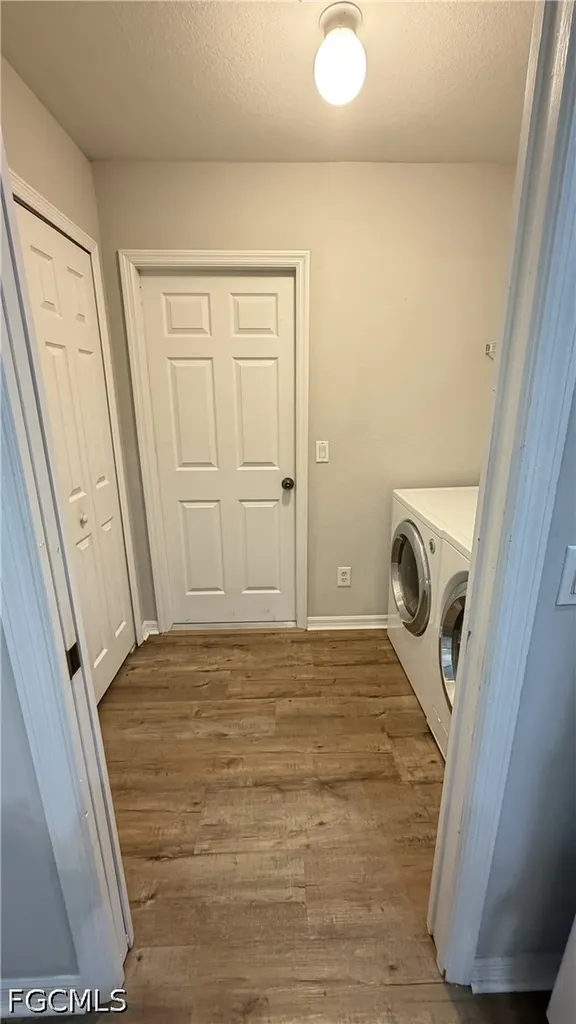 1229 SE 21st Place Cape Coral FL 33990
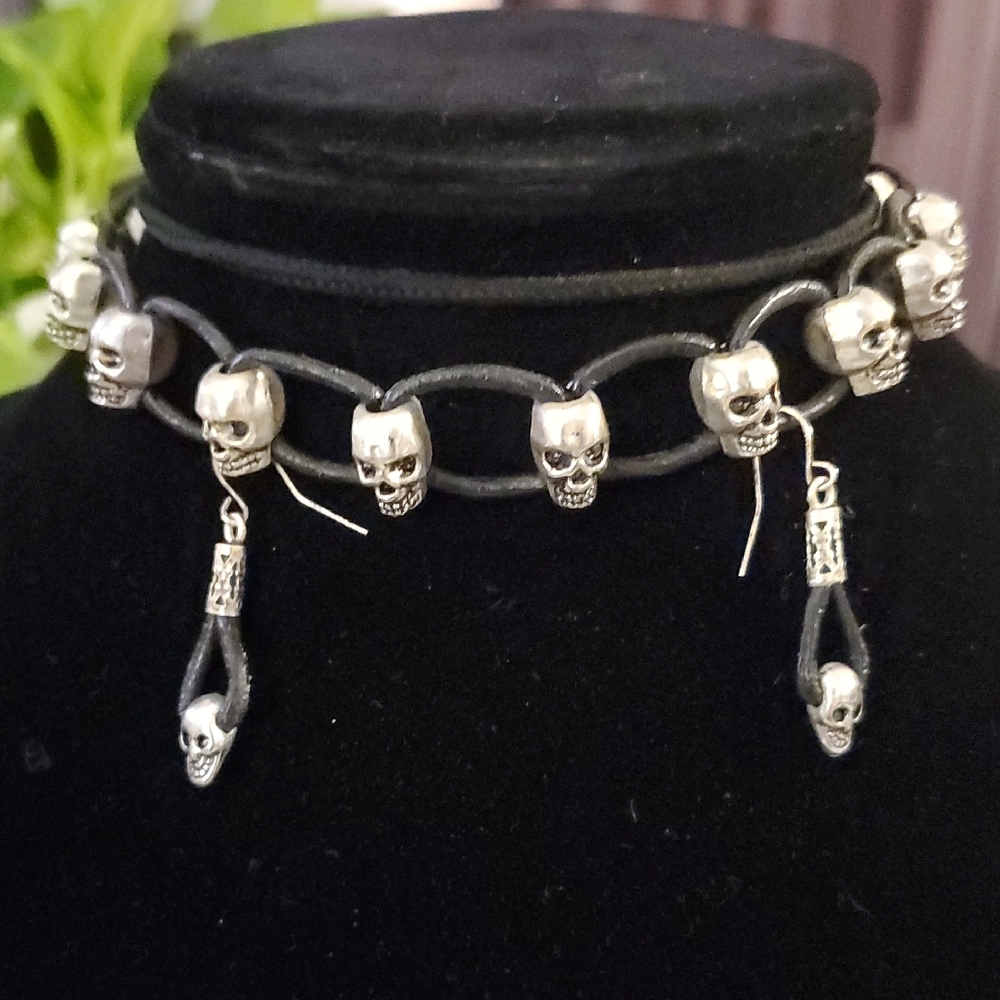 Silver Skull Choker Necklace & Earring Set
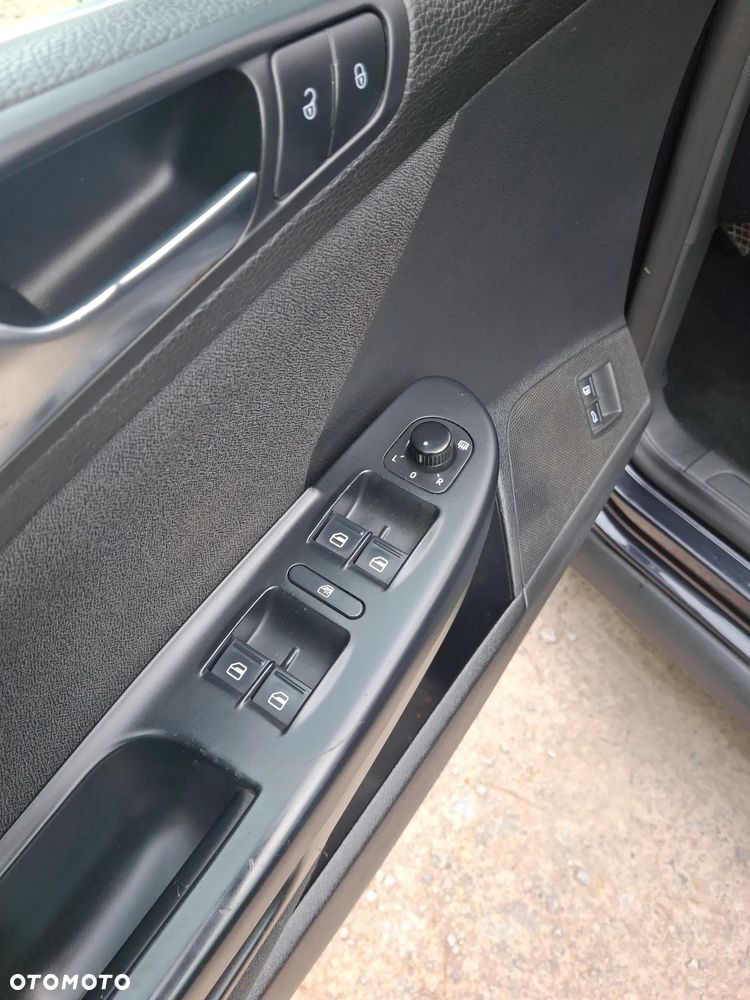 Volkswagen Passat - 18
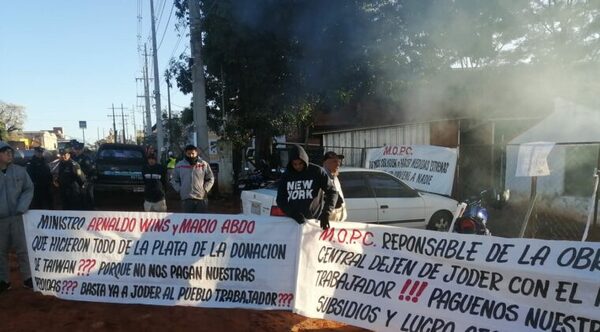 Unos 80 frentistas de Tres Bocas se movilizan exigiendo al MOPC el pago por indemnización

ACTIVITY:
The pictures in the listing above are to be dropped, and everything else reproduced exactly.

SOLUTION TO THIS TASK:
 1229 SE 21st Place Cape Coral FL 33990
 Silver Skull Choker Necklace & Earring Set
 Volkswagen Passat - 18
 Unos 80 frentistas de Tres Bocas se movilizan exigiendo al MOPC el pago por indemnización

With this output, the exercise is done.